Mientras le doy un sorbo a la cerveza, veo como entra la señora y pide una Pony Malta y un pedazo de torta. Sus movimientos son lentos, la voz suave, cordial. La baja estatura la hace ver aún más frágil. Junto con mi papá y yo, en la tienda hay dos viejos que están bebiendo mientras desarrollan la improbable actividad de comentar una telenovela. Sólo queda una silla libre y mi papá se la alcanza a la señora. Ella agradece con genuina humildad y se sienta a comer.

Con parsimonia da cuenta de su comida. Mientras hablo con mi papá, la miro de vez en cuando. Tiene una mirada triste y agotada. Me hace pensar en la vida, que a veces no parece otra cosa que una larga derrota, sobre todo desde que el único éxito que la sociedad estima es el éxito económico. Sigo con mi cerveza y la charla. De pronto, caemos en la cuenta de que la vendedora se ha quedado dormida, sentada y ligeramente recostada sobre la barra de madera pegada a la pared. El sueño la venció donde a otros los vence la cantidad de alcohol en la sangre.

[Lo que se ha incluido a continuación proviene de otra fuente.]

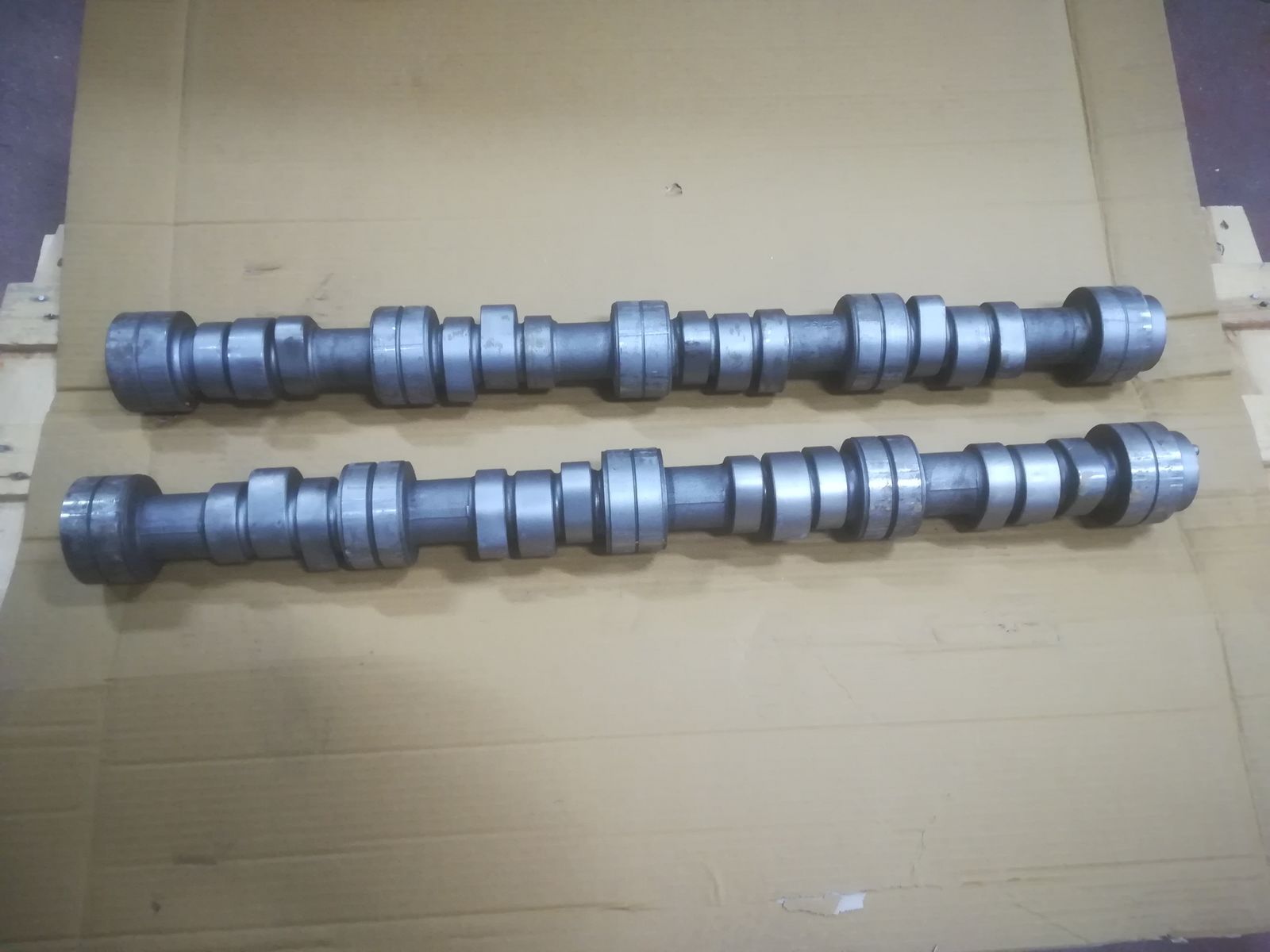 camshaft SCANIA R500 - DC1619 L01 - DC16 for truck SCANIA R500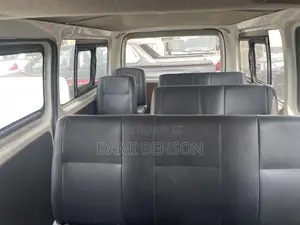 Toyota HiAce 2012 White
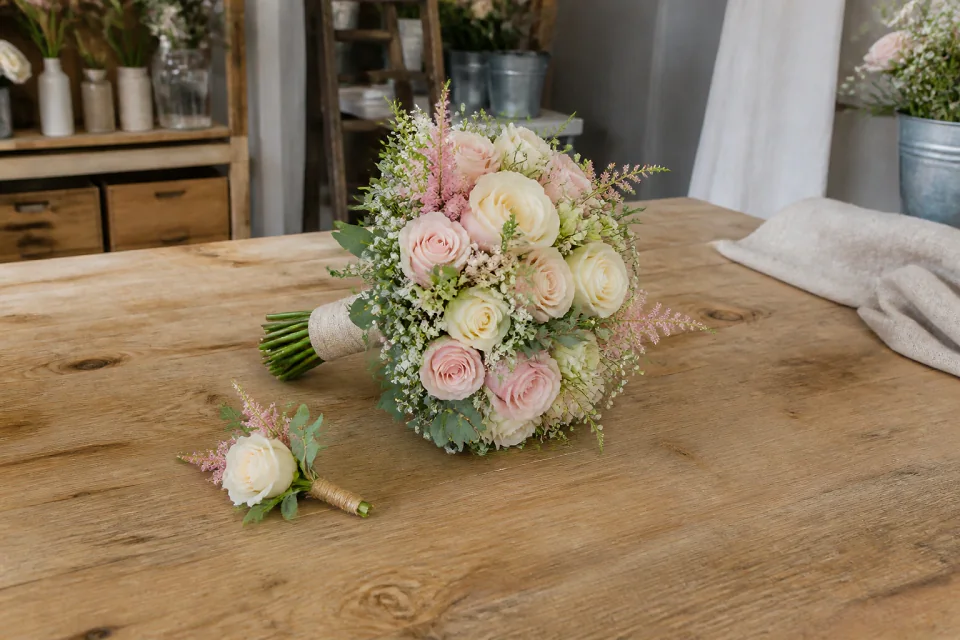 Préparation florale pour un mariage — illustration générée par IA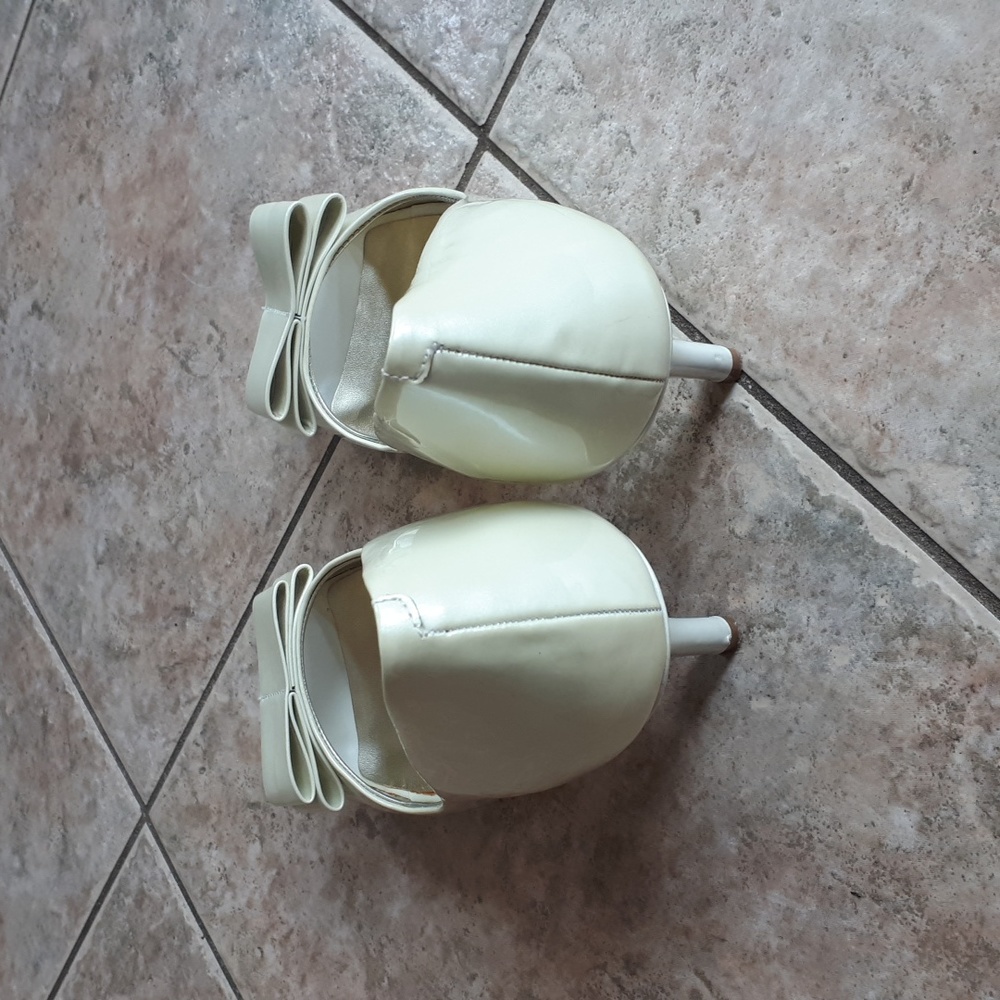 Jessica Simpson bow heels - Picture 4 of 6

Todos la miramos. Es una imagen curiosa. Incluso tierna. Debe estar cansadísima de recorrer calles y carreras bajo el sol y la lluvia, esperando que alguien quiera un Bonice para apaciguar la sed. Justo ahora comienza a llover. La siesta la ha salvado de mojarse una vez más, como tantos otros días. Con mi papá pensamos que la Pony Malta y la torta tal vez fueron su almuerzo. A todos nos da sueño después del almuerzo.

Hemos tenido el carrito del Bonice muy bien vigilado. Luego de unos veinte minutos, la señora despierta, mira si su carrito todavía se encuentra donde lo dejó, se sacude la ropa para eliminar las boronas que pudieran haberle quedado sobre la ropa, se pone de pie y se dispone a irse. Antes de marcharse, agradece a la tendera. En el fondo, creo que no agradece solo por lo que comió, sino por haber podido descansar un poco sobre esa silla, por demás incómoda.

Se va por la calle, arrastrando ese carrito al que le exprime su sustento. Tal vez sea una mujer feliz, con una vida plena, sin privaciones. Pero hoy no lo parecía; hoy se veía triste, melancólica y, sobre todo, resignada. Uno no es lo que quiere sino lo que puede ser, diría la canción.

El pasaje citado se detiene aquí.